将新 U 放置在现有 T 对象上并对其进行操作是 UB?
Placement New U on existing T object and Manipulating it is UB?
在此 link 中,存储重用 部分显示了以下示例。
void x()
{
long long n; // automatic, trivial
new (&n) double(3.14); // reuse with a different type okay
} // okay
和,其中一个答案包含此代码。
void f(float* buffer, std::size_t buffer_size_in_bytes)
{
double* d = new (buffer)double[buffer_size_in_bytes / sizeof(double)];
// we have started the lifetime of the doubles.
// "d" is a new pointer pointing to the first double object in the array.
// now you can use "d" as a double buffer for your calculations
// you are not allowed to access any object through the "buffer" pointer anymore since the // floats are "destroyed"
d[0] = 1.;
// do some work here on/with the doubles...
// ...
}
以上都是尝试在现有对象上执行placement new another type,第二个代码是操作新对象。
但是,the first link说的是下面的话
If a new object is created at the address that was occupied by another object, then all pointers,
references, and the name of the original object will automatically refer to the new object and,
once the lifetime of the new object begins, can be used to manipulate the new object, but only if
the original object is transparently replaceable by the new object.
Object x is transparently replaceable by object y if:
- the storage for y exactly overlays the storage location which x occupied
- y is of the same type as x (ignoring the top-level cv-qualifiers)
根据强调句,第二个例子是undefined behavior,因为新对象类型和旧对象类型不一样,d[0] = 1.;操作新对象
但是,没有人在评论中指出这个问题..所以我很困惑。
- 第一个示例是否定义了行为,因为它只是执行新的放置?
- 第二个例子是不是因为UB所以错了?
我是不是误会了什么..?
两个例子都是合法的。
“透明可替换性”仅在您想使用指向旧对象的指针访问新对象而不需要 std::launder 时才重要。

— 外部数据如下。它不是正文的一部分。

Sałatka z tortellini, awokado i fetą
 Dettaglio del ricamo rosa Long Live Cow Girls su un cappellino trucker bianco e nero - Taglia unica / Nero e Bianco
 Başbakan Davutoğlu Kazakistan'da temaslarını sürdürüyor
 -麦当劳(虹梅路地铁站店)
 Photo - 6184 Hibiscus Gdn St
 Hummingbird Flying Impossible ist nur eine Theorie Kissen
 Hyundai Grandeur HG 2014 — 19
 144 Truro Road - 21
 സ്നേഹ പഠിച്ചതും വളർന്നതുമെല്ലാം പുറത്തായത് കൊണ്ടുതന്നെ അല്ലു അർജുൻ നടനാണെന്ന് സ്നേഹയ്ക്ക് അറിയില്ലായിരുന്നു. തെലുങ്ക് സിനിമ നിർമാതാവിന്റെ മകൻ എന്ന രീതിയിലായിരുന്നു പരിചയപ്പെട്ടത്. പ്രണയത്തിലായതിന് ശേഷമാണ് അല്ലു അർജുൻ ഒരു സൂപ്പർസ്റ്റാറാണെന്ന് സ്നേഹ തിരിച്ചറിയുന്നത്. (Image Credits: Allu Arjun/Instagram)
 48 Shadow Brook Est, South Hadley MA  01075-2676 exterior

但你没有那样做。您正在使用 placement-new 返回的指针(不是指向旧对象的指针)操作新对象,它永远不需要 std::launder.
在此 link 中,存储重用 部分显示了以下示例。
void x()
{
long long n; // automatic, trivial
new (&n) double(3.14); // reuse with a different type okay
} // okay
和
void f(float* buffer, std::size_t buffer_size_in_bytes)
{
double* d = new (buffer)double[buffer_size_in_bytes / sizeof(double)];
// we have started the lifetime of the doubles.
// "d" is a new pointer pointing to the first double object in the array.
// now you can use "d" as a double buffer for your calculations
// you are not allowed to access any object through the "buffer" pointer anymore since the // floats are "destroyed"
d[0] = 1.;
// do some work here on/with the doubles...
// ...
}
以上都是尝试在现有对象上执行placement new another type,第二个代码是操作新对象。
但是,the first link说的是下面的话
If a new object is created at the address that was occupied by another object, then all pointers, references, and the name of the original object will automatically refer to the new object and, once the lifetime of the new object begins, can be used to manipulate the new object, but only if the original object is transparently replaceable by the new object.
Object x is transparently replaceable by object y if:
- the storage for y exactly overlays the storage location which x occupied
- y is of the same type as x (ignoring the top-level cv-qualifiers)
根据强调句,第二个例子是undefined behavior,因为新对象类型和旧对象类型不一样,d[0] = 1.;操作新对象
但是,没有人在评论中指出这个问题..所以我很困惑。
- 第一个示例是否定义了行为,因为它只是执行新的放置?
- 第二个例子是不是因为UB所以错了?
我是不是误会了什么..?
两个例子都是合法的。
“透明可替换性”仅在您想使用指向旧对象的指针访问新对象而不需要 std::launder 时才重要。
但你没有那样做。您正在使用 placement-new 返回的指针(不是指向旧对象的指针)操作新对象,它永远不需要 std::launder.